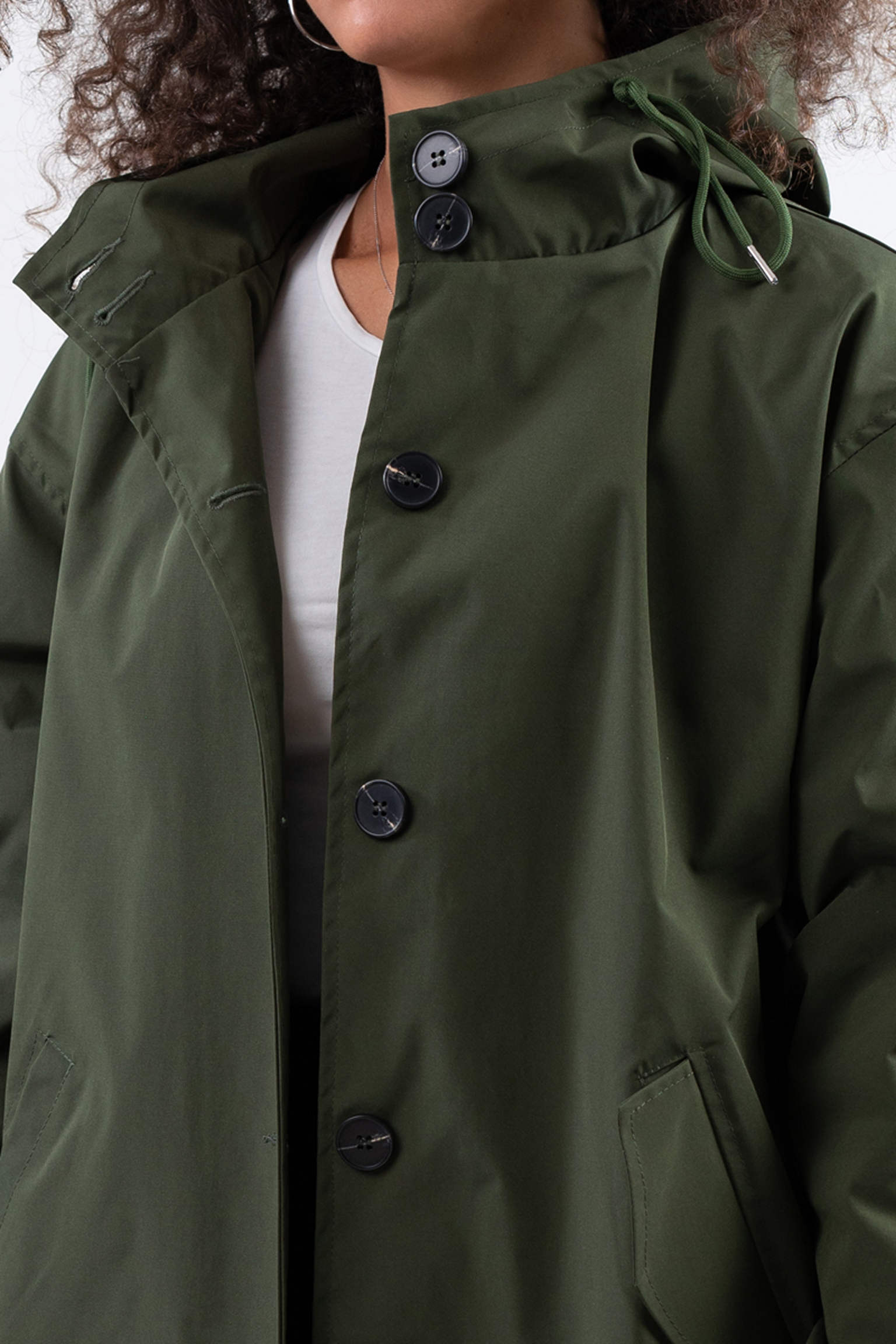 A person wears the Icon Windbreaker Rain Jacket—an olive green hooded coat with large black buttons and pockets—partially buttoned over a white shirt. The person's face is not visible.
* * *
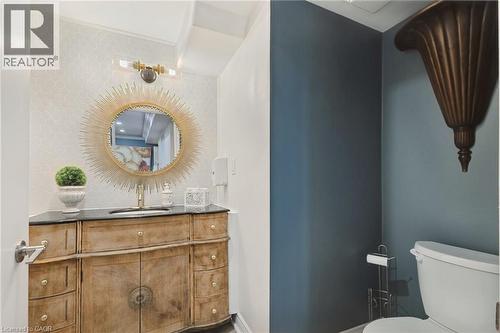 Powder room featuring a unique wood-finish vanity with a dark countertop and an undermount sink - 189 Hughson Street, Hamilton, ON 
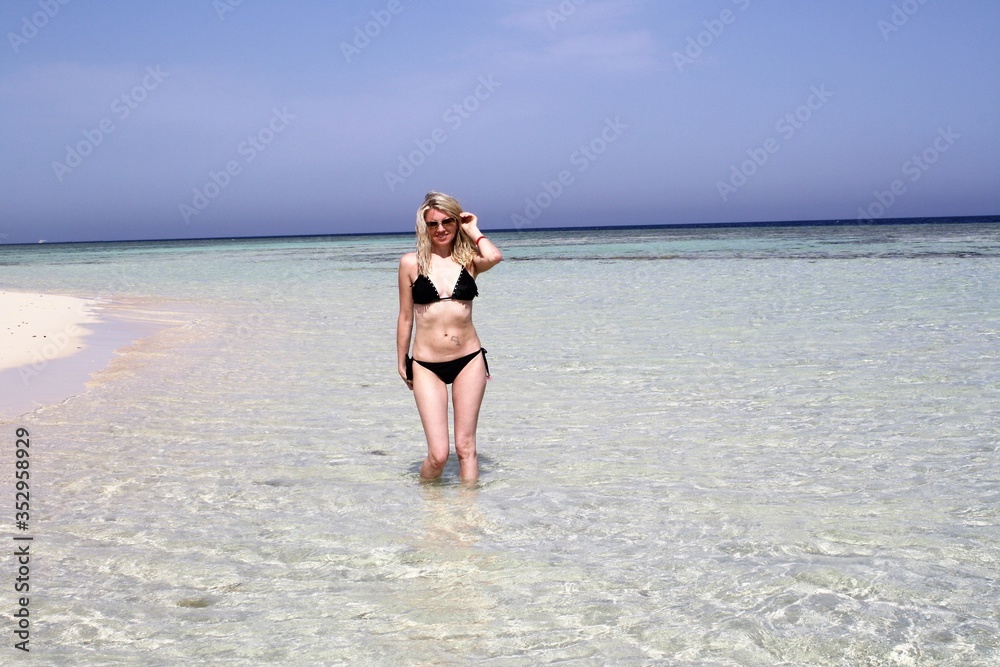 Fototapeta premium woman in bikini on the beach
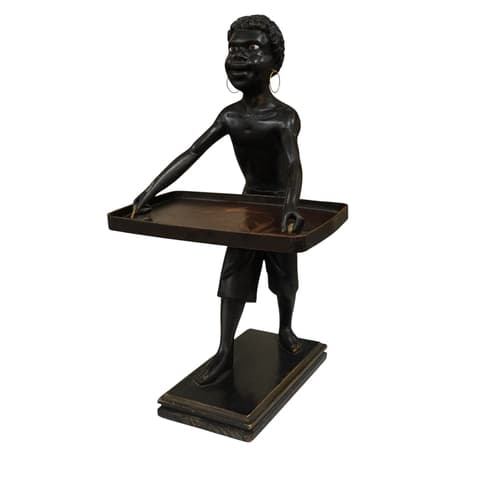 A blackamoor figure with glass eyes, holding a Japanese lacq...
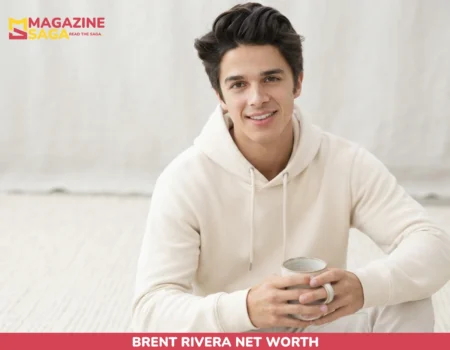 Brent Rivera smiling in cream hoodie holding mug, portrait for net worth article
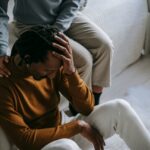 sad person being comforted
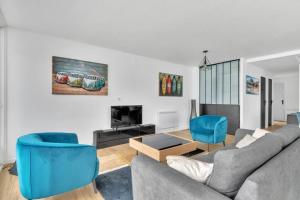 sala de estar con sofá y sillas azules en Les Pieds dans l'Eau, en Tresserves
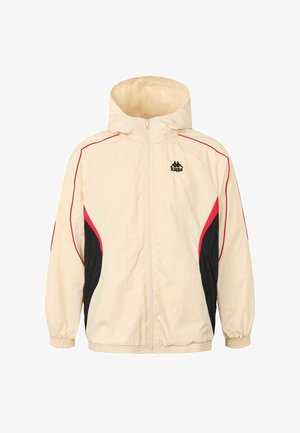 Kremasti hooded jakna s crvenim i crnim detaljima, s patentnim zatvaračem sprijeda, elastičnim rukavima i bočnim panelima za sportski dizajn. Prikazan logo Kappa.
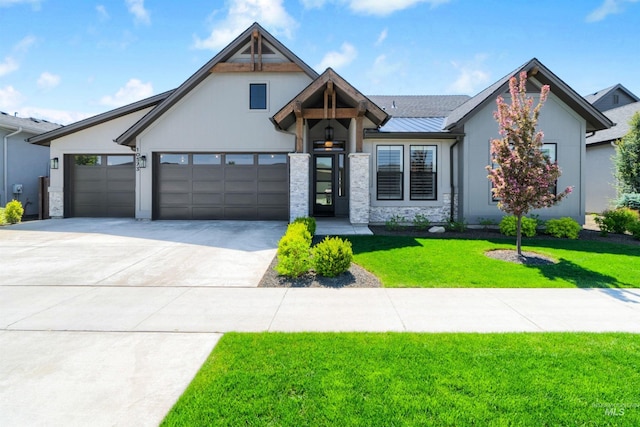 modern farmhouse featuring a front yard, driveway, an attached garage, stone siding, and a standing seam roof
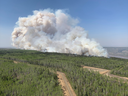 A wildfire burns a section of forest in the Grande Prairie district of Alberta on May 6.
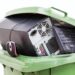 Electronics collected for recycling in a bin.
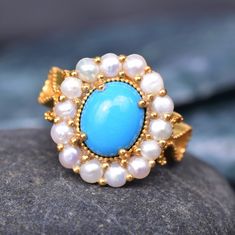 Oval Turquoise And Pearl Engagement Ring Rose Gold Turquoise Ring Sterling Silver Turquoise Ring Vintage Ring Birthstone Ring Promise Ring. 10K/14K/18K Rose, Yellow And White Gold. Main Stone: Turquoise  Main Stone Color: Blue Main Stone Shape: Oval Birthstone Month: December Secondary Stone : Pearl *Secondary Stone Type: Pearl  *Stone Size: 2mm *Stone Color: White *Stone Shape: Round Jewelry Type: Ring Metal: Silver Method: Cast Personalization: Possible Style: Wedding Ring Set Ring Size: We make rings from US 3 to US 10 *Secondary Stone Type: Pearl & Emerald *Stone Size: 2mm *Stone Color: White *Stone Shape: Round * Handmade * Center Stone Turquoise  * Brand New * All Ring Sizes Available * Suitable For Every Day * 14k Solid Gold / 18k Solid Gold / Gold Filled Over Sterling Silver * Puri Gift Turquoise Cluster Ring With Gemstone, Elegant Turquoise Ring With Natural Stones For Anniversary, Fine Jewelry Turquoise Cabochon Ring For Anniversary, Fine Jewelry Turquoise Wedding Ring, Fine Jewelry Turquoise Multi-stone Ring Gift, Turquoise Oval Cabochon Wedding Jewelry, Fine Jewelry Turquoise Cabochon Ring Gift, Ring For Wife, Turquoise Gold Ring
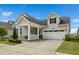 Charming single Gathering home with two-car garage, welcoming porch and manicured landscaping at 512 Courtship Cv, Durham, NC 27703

» **What to do**
Write down exactly what the lines above say, from the line holding "Kremasti hooded jakna" through the line holding "Electronics collected for", and nothing more. Do not copy the pictures.

» **Answer to the problem**
 Kremasti hooded jakna s crvenim i crnim detaljima, s patentnim zatvaračem sprijeda, elastičnim rukavima i bočnim panelima za sportski dizajn. Prikazan logo Kappa.
 modern farmhouse featuring a front yard, driveway, an attached garage, stone siding, and a standing seam roof
 A wildfire burns a section of forest in the Grande Prairie district of Alberta on May 6.
 Electronics collected for recycling in a bin.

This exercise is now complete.